■ Problem description
Copy out all lines from the entries below in which "page" occurs.
=-=-=
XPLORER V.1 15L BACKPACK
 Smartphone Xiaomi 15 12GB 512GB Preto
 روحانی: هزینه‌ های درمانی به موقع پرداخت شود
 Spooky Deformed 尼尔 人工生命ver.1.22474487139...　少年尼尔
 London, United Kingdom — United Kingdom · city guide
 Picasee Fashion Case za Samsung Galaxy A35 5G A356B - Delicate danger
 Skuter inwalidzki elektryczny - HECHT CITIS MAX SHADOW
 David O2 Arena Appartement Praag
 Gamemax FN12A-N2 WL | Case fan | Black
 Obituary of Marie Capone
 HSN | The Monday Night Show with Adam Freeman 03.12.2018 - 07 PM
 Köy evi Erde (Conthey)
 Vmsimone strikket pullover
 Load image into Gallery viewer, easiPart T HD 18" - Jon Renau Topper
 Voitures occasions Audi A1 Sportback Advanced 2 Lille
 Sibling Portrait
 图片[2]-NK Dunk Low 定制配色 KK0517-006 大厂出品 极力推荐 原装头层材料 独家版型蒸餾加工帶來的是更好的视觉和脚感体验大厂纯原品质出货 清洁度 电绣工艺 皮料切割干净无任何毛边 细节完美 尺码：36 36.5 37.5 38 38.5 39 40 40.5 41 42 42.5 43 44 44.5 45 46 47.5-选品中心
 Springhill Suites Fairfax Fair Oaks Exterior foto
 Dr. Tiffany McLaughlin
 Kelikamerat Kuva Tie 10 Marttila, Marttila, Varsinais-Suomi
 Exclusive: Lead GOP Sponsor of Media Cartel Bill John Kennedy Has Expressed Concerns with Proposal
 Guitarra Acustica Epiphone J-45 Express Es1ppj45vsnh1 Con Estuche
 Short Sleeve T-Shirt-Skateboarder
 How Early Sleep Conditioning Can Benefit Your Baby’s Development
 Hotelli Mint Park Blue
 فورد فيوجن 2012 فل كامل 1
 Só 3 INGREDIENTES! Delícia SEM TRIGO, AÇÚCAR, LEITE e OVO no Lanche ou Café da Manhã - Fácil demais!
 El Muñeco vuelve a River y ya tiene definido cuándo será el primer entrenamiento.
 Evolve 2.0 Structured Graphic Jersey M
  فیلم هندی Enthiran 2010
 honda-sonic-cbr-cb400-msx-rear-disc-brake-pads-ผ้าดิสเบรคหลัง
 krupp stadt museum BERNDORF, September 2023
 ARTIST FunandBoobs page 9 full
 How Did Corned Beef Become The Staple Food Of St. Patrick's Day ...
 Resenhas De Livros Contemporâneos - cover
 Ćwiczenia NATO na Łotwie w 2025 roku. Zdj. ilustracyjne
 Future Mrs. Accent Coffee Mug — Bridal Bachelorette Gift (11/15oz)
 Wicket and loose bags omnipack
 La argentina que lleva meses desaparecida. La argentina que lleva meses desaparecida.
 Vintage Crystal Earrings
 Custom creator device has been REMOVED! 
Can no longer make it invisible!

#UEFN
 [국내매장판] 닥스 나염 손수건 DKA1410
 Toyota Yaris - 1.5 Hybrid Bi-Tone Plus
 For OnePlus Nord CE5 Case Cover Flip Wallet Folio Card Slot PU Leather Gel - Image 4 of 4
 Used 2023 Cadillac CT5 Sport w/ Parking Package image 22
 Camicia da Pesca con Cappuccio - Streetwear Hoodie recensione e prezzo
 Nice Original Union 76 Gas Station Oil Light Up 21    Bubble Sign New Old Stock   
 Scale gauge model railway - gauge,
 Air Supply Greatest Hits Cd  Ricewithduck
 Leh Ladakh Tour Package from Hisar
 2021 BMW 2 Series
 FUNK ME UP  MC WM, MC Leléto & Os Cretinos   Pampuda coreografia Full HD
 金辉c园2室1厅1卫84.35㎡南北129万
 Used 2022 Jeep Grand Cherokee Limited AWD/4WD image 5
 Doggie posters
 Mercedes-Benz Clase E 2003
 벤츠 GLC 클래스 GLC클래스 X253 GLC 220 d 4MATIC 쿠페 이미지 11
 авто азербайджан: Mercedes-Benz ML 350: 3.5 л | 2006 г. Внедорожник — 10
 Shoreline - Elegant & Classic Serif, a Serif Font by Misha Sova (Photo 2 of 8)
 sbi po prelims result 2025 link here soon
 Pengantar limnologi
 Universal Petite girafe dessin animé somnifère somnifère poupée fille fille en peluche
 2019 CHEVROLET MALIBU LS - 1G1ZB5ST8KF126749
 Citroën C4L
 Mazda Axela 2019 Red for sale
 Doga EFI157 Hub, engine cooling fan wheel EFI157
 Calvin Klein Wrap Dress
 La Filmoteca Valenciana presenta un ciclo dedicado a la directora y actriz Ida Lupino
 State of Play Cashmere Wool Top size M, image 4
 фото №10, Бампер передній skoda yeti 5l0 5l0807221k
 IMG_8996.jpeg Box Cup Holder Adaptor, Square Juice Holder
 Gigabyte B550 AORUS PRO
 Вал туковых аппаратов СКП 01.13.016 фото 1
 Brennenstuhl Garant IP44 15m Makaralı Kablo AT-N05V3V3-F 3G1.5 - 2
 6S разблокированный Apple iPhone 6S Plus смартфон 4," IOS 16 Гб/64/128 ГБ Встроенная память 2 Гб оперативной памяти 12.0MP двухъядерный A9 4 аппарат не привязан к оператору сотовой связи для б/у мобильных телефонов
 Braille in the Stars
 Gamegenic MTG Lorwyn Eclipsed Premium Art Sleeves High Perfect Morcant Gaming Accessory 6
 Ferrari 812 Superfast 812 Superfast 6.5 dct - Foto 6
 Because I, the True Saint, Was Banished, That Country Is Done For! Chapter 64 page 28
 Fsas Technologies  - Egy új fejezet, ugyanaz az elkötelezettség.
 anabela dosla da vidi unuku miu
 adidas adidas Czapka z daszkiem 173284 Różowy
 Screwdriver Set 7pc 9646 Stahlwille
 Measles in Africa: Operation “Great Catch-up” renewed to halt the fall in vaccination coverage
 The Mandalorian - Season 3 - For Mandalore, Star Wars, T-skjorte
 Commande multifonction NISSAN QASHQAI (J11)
=-=-=
■ Solution to this problem
 ARTIST FunandBoobs page 9 full
 Because I, the True Saint, Was Banished, That Country Is Done For! Chapter 64 page 28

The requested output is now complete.